**Work order:** Only one stretch of the records below is wanted: the lines from the one holding "Young woman with smartphone dancing" through the one holding "穿淺藍背心的少女拿著美樂蒂氣球站在媽祖氣球旁". Return it exactly, both ends included.

**Records for this task:**
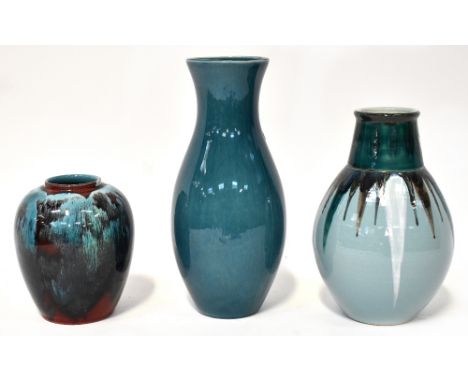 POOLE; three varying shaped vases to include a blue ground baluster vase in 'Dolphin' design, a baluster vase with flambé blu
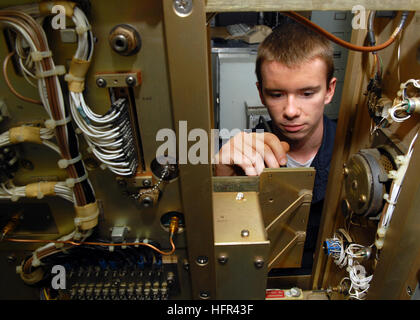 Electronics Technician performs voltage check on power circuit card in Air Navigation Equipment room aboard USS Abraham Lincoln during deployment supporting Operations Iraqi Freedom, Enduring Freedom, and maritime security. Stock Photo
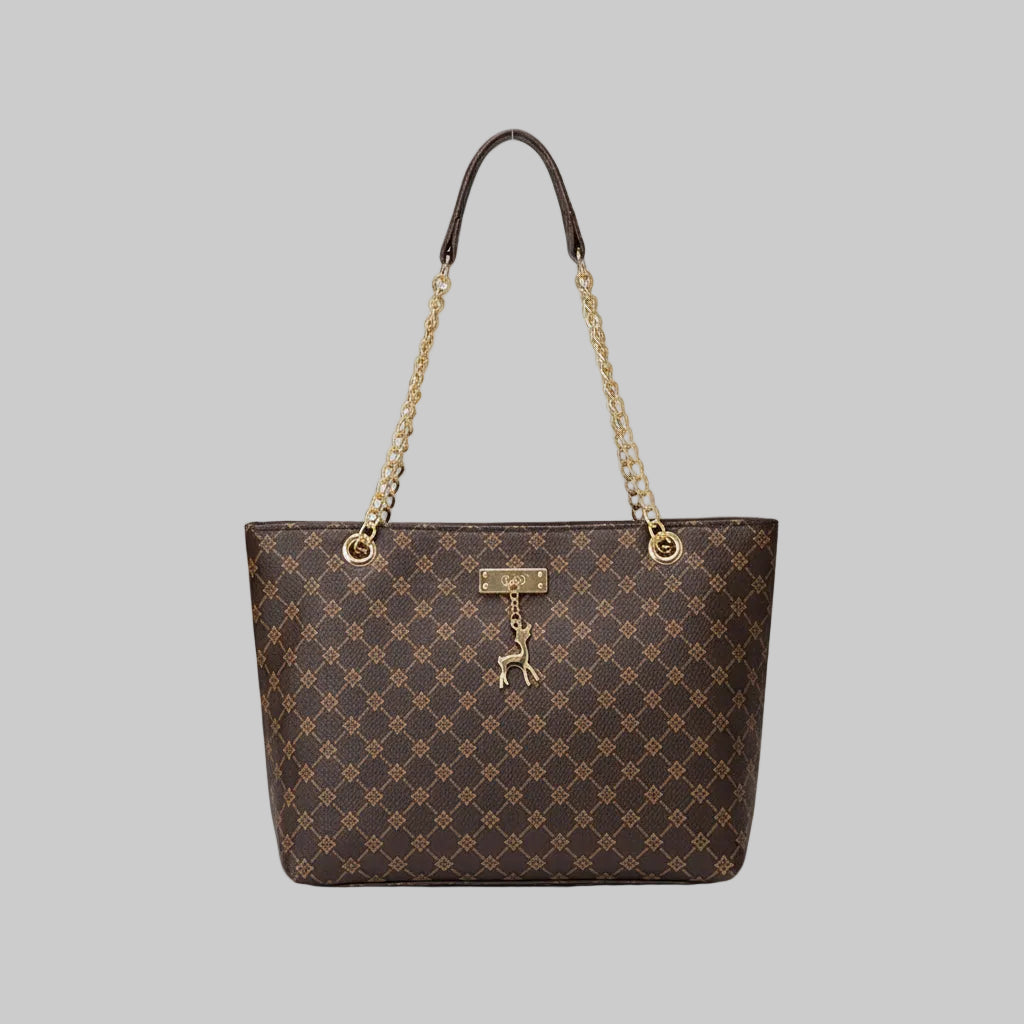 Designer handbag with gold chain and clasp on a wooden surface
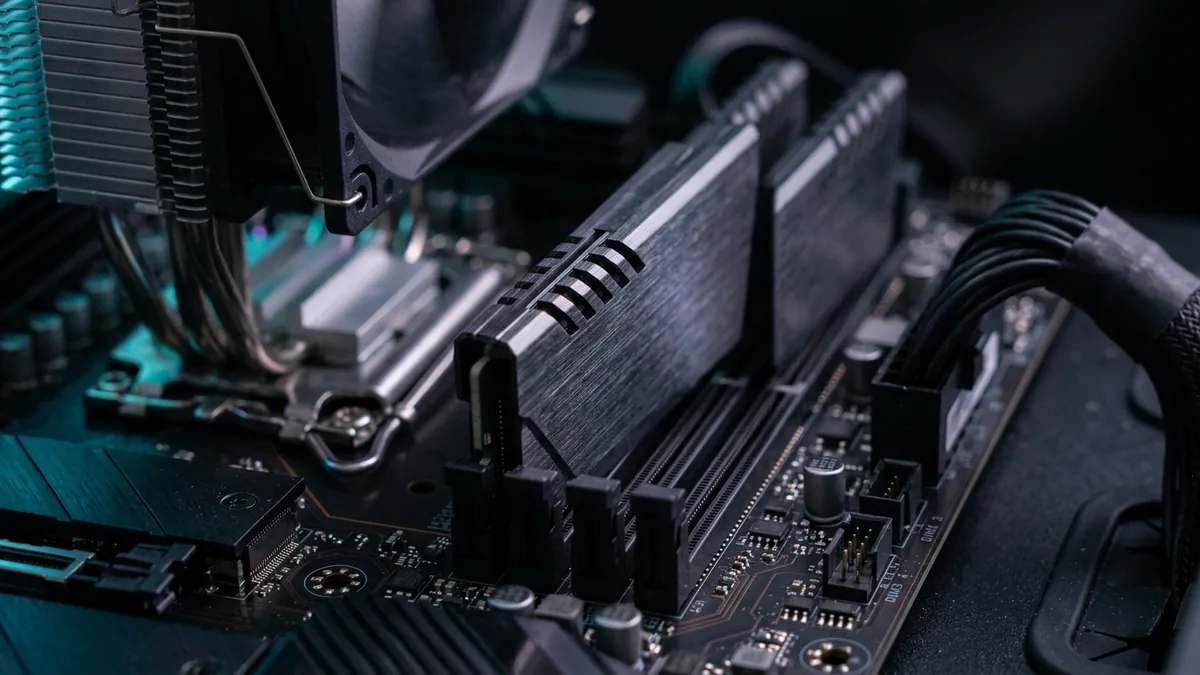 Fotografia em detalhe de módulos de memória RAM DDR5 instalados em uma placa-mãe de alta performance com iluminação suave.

==

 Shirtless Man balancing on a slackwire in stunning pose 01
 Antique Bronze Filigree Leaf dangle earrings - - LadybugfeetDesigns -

...

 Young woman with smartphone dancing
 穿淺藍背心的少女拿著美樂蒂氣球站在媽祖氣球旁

**Solution to the problem:**
 Young woman with smartphone dancing
 穿淺藍背心的少女拿著美樂蒂氣球站在媽祖氣球旁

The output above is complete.